Did not generate those instructions, instead it generated FMUL, FADD, FDIV.

E.g. the TI ARM compiler assembler listing was displaying the following, which matches the instruction names given in the TI LM4F datasheet and the ARM Cortex®-M4 Technical Reference Manual:

        VMOV      S1, A1                ; [DPU_LIN_PIPE] |45|
        VLDR.32   S0, [SP, #16]         ; [DPU_LIN_PIPE] |45|
        VADD.F32  S0, S1, S0            ; [DPU_LIN_PIPE] |45|
        VLDR.32   S1, [SP, #8]          ; [DPU_LIN_PIPE] |45|
        VMUL.F32  S1, S2, S1            ; [DPU_LIN_PIPE] |45|
        VDIV.F32  S0, S1, S0            ; [DPU_LIN_PIPE] |45|
        VSTR.32   S0, [SP, #4]          ; [DPU_LIN_PIPE] |45|

00000f60:   EE000A90 FMSR            S1, R0
00000f64:   ED9D0A04 FLDS            S0, [R13, #16]
00000f68:   EE300A80 FADDS           S0, S1, S0
00000f6c:   EDDD0A02 FLDS            S1, [R13, #8]
00000f70:   EE610A20 FMULS           S1, S2, S1
00000f74:   EE800A80 FDIVS           S0, S1, S0
00000f78:   ED8D0A01 FSTS            S0, [R13, #4]

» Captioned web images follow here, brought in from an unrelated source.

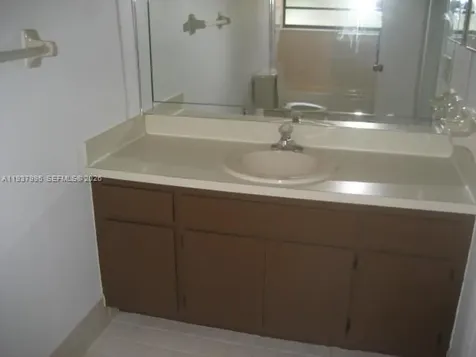 13224 SW 10 Te Miami FL 33184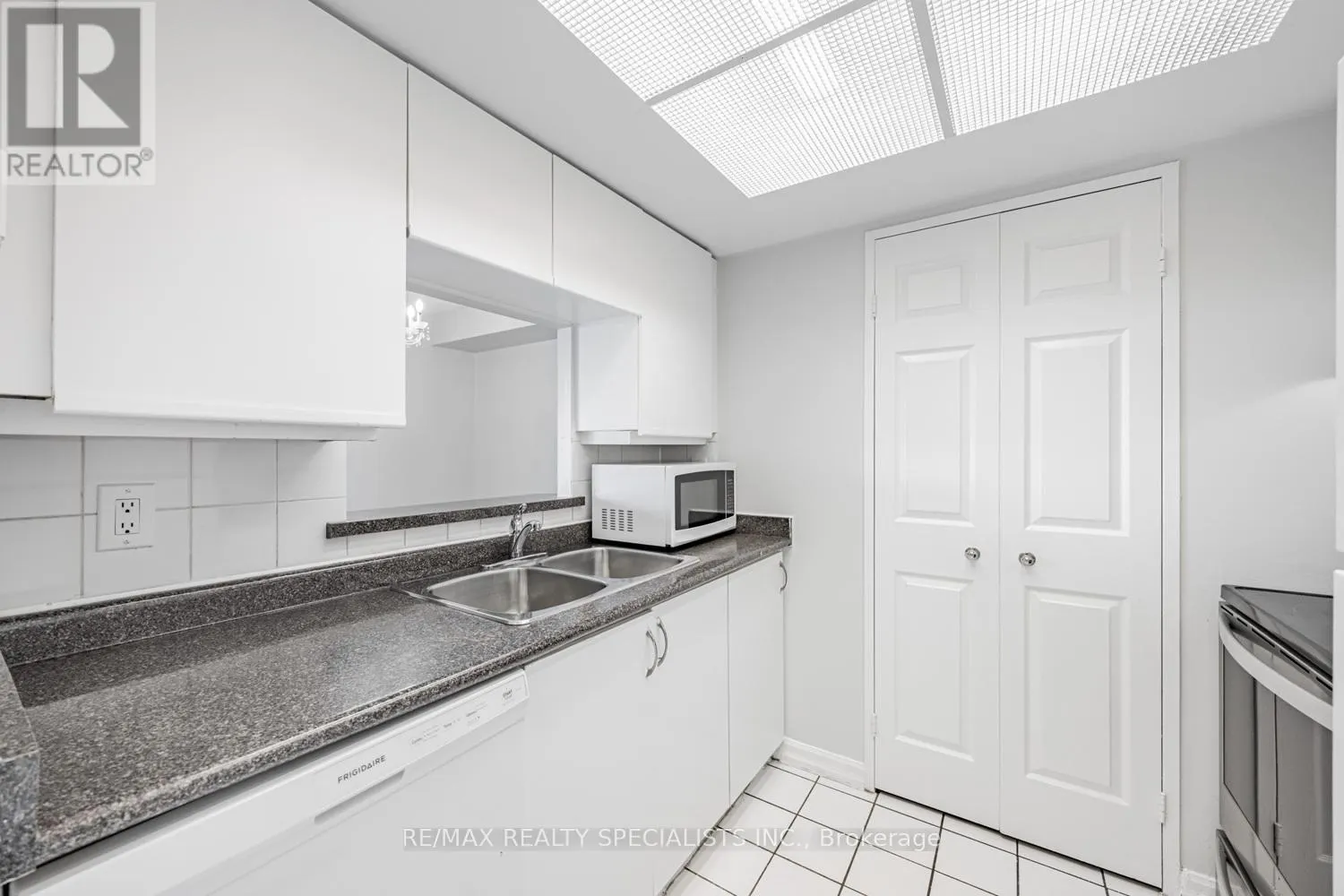 1405 - 285 ENFIELD PLACE
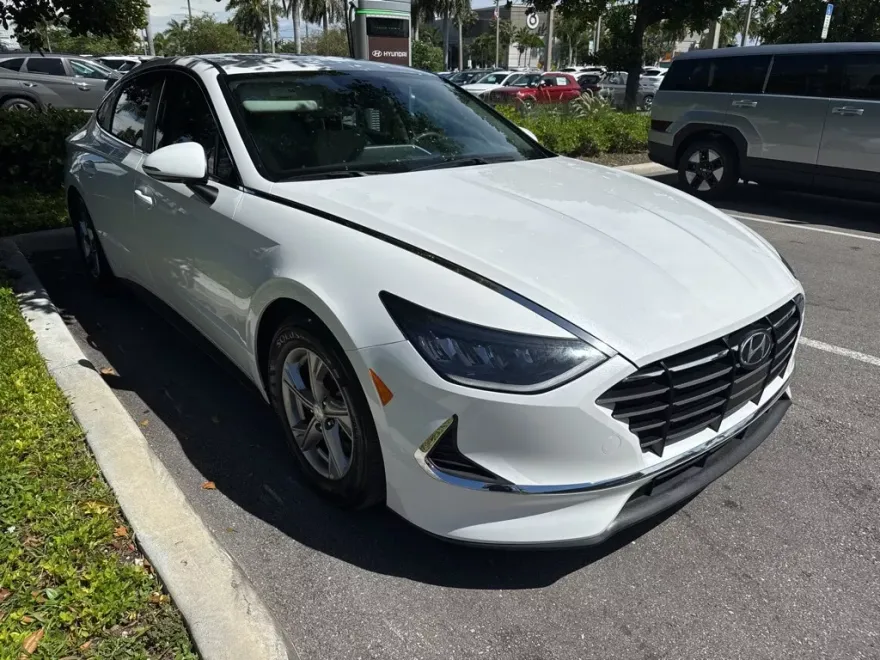 2023 Hyundai Sonata SE photo 1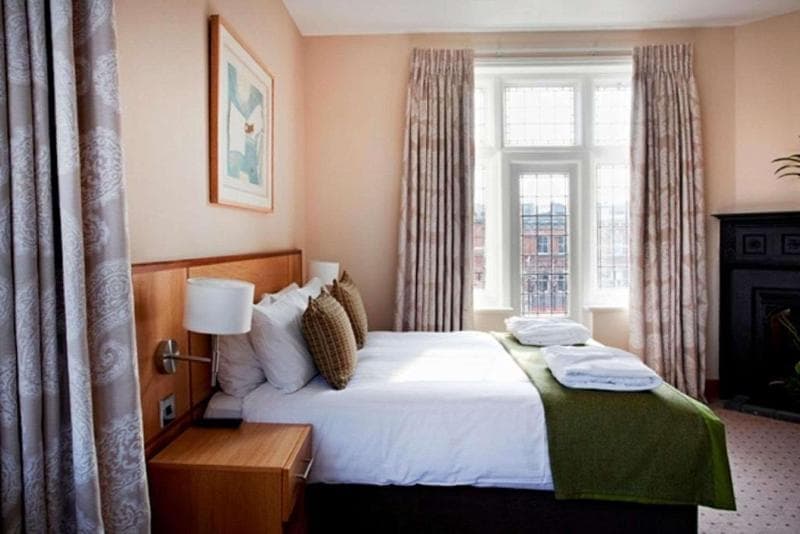 Executive Double Room — image 1 of 12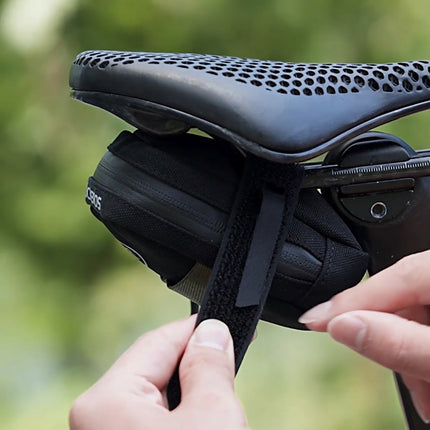 ROCKBROS Mini bicycle saddle bag with CO2 cartridge holder - black and green – image 4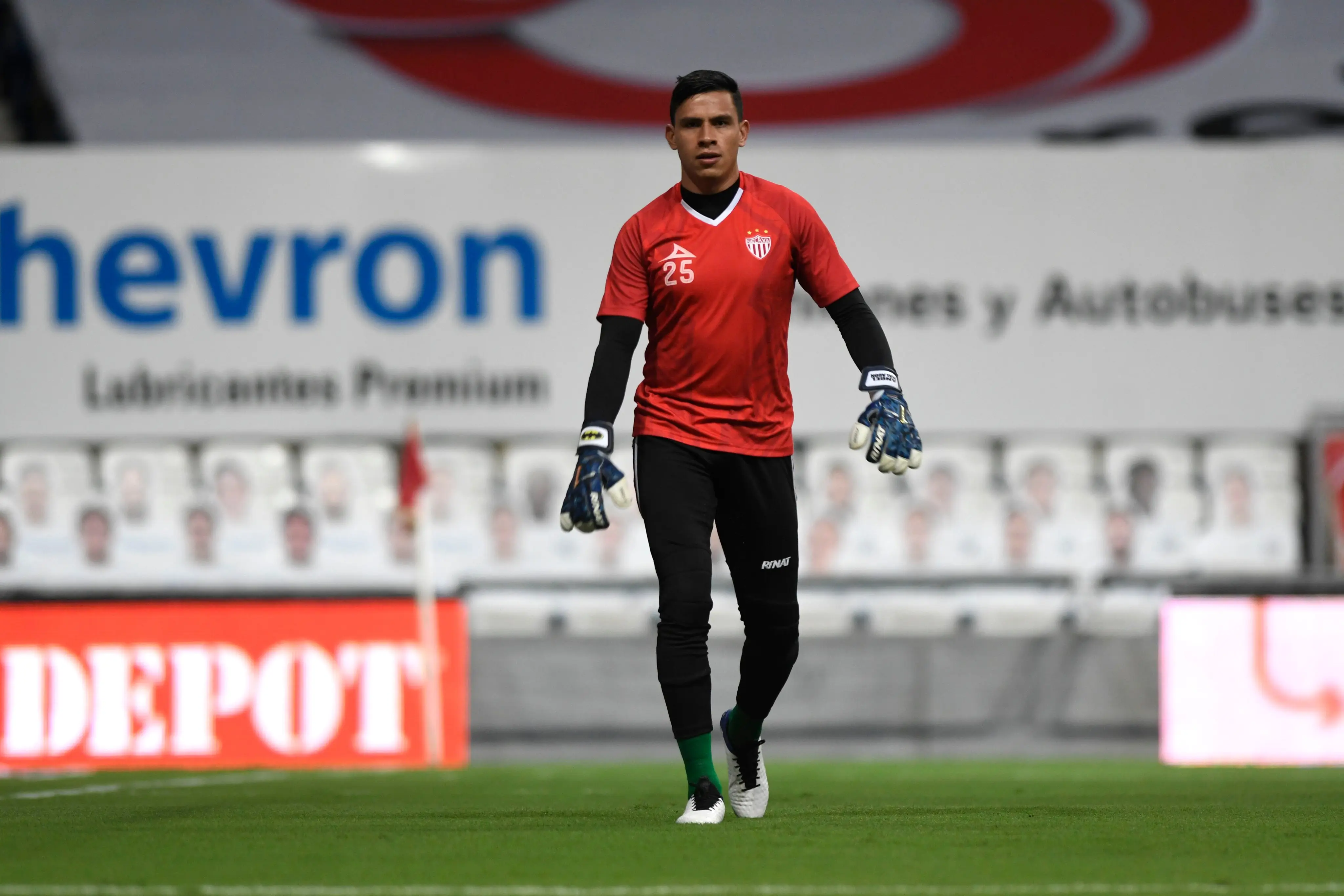Malagón previo a un juego contra Rayados en el BBVA - @LigaBBVAMX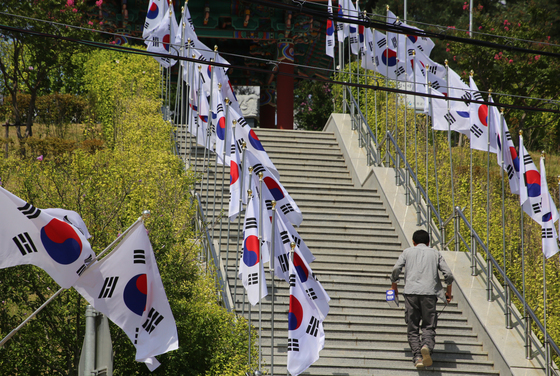 "영화 '암살' 이경영이 내 증조부…매국노 집안 반드시 불행" 간호사의 고백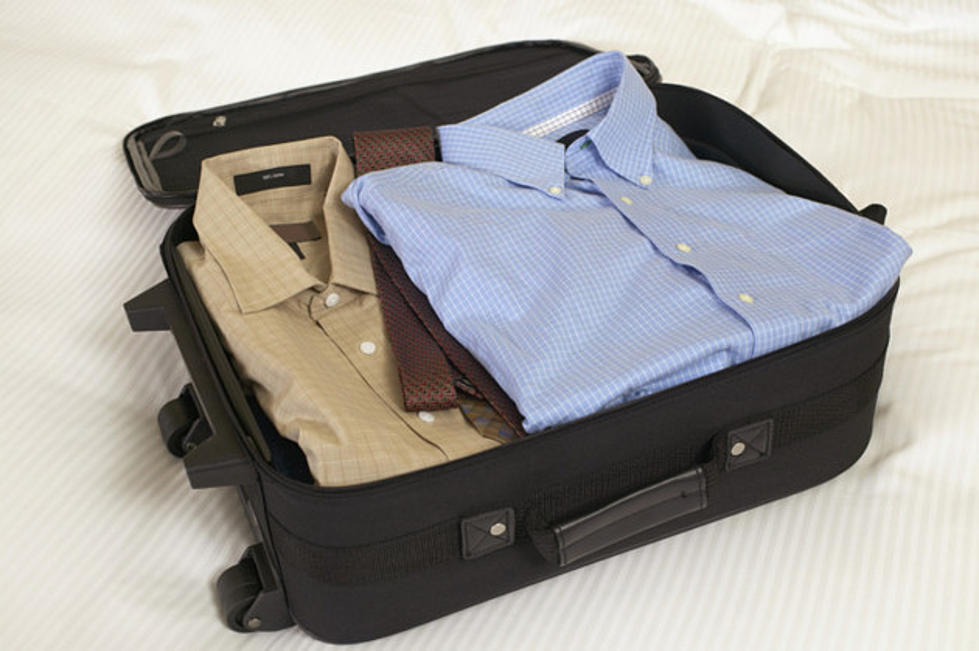 Don’t Pack for Your Trip Before Watching This — Best Folding Method Ever! [VIDEO]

So the instructions FADD, FMUL, etc... are hardware floating point instructions?

CJ Wilkerson said:

So the instructions FADD, FMUL, etc... are hardware floating point instructions?

a) The assembler listing from the TI ARM compiler is displaying the Unified Assembler Language (UAL) mnemonics

b) The CCS disassembly is displaying the "legacy" Pre-UAL assembler mnemonics.